Provided data
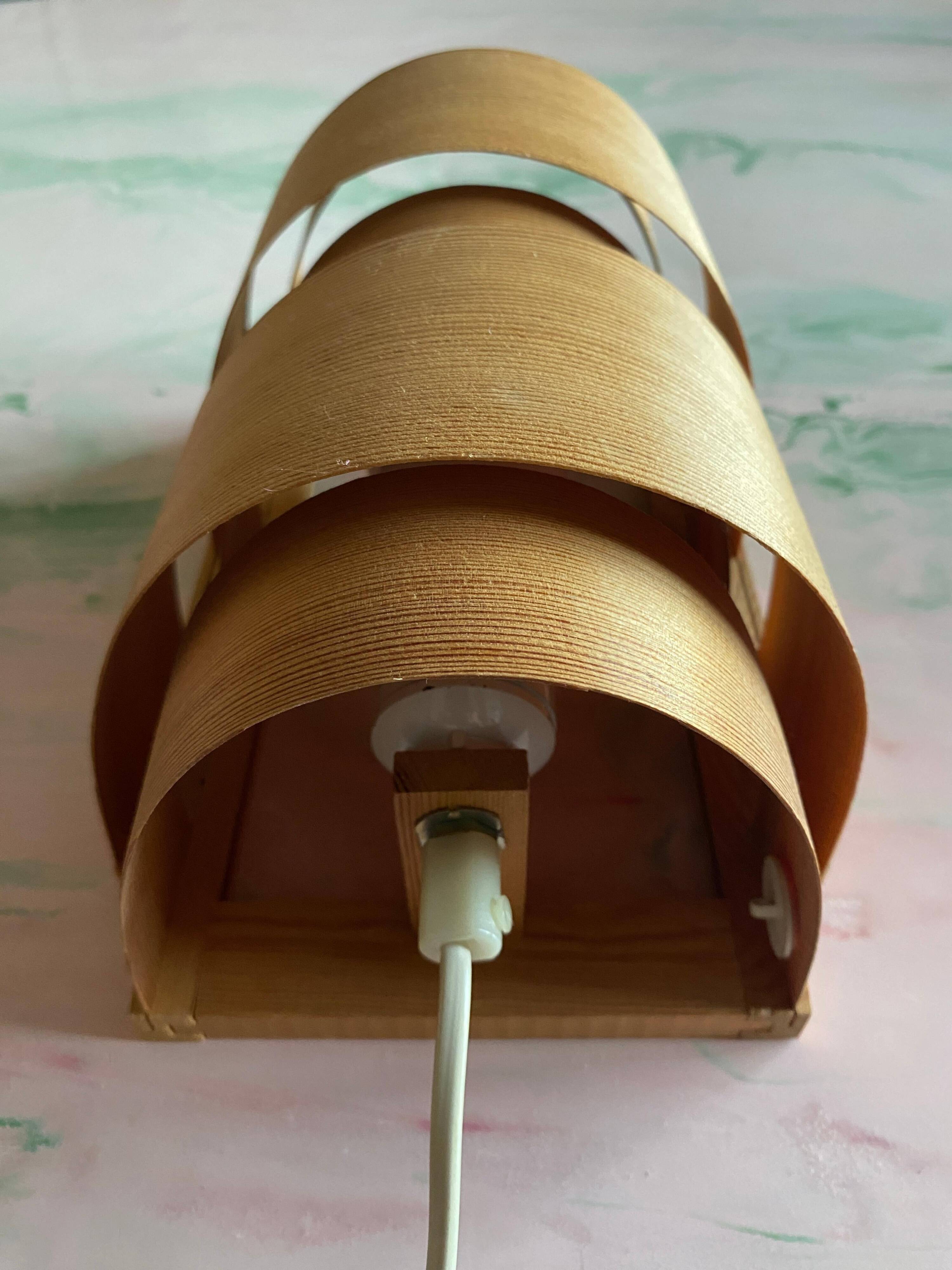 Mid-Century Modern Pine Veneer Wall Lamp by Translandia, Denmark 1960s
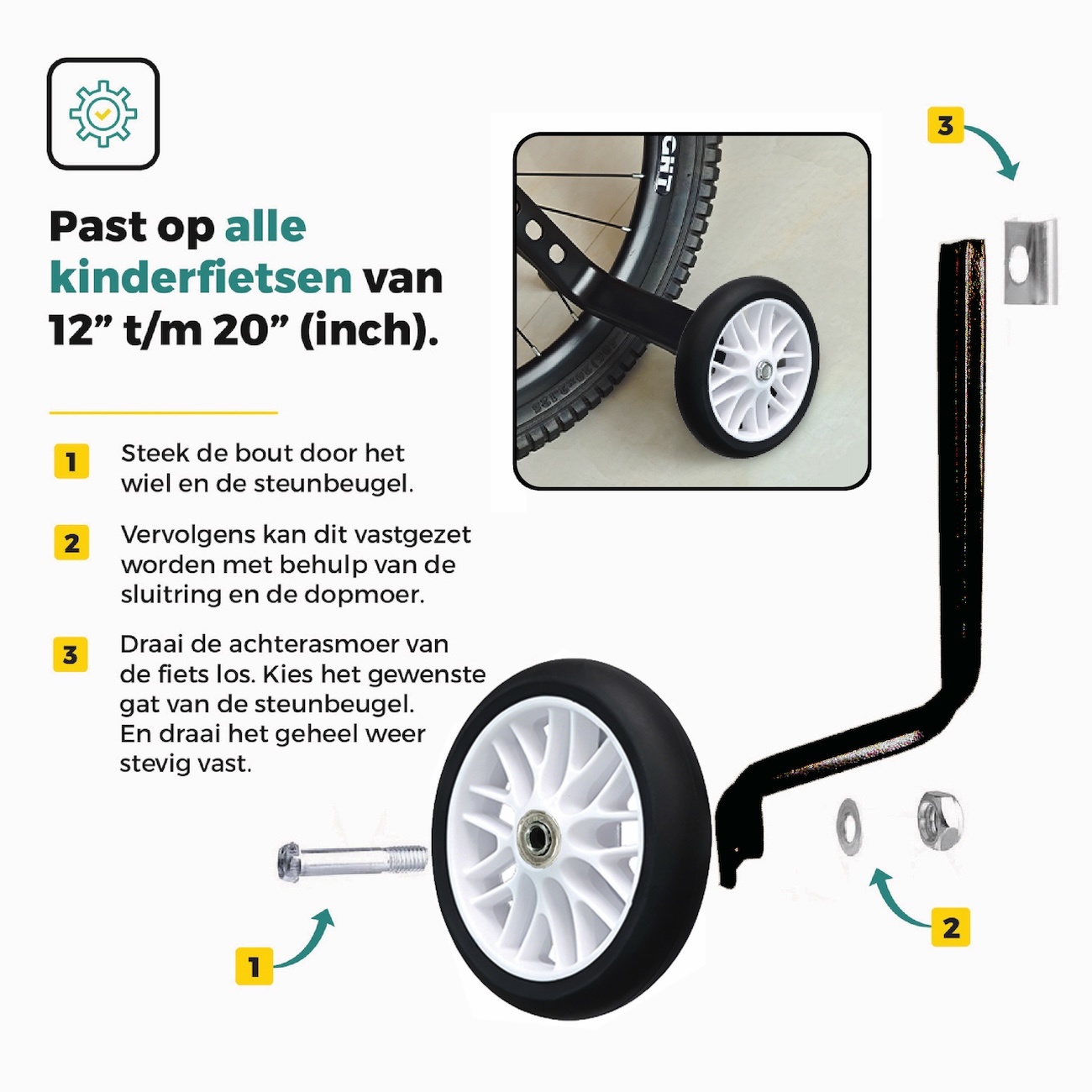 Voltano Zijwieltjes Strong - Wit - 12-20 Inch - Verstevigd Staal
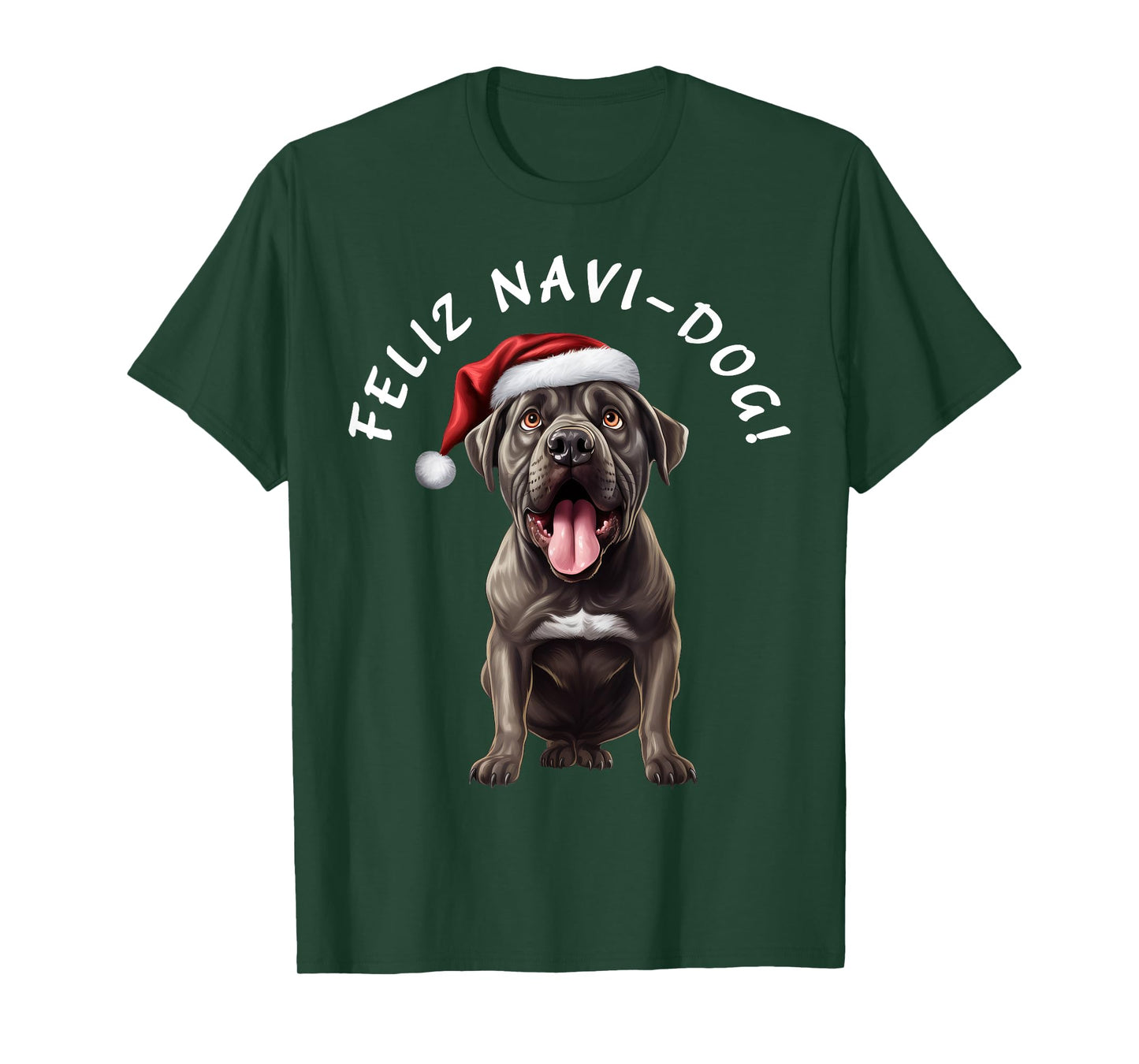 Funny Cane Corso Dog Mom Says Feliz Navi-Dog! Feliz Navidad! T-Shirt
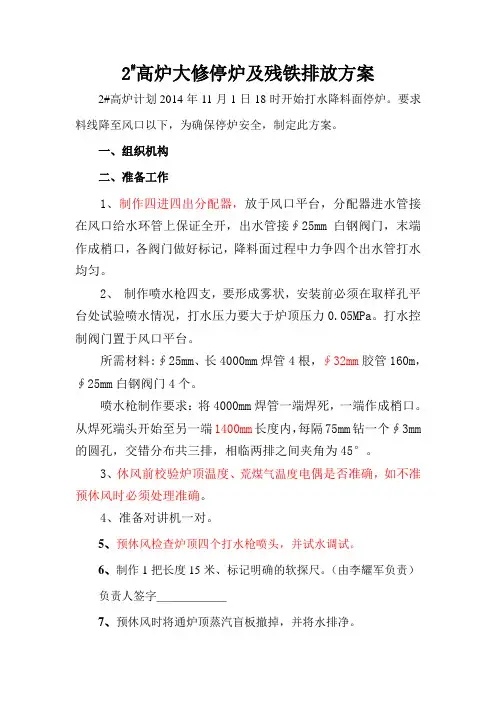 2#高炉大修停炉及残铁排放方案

Exercise requirements
Please write out, exactly, every line from the line with "Voltano Zijwieltjes Strong" through the final line of the data above, leaving out pictures.

Written reply
 Voltano Zijwieltjes Strong - Wit - 12-20 Inch - Verstevigd Staal
 Funny Cane Corso Dog Mom Says Feliz Navi-Dog! Feliz Navidad! T-Shirt
 2#高炉大修停炉及残铁排放方案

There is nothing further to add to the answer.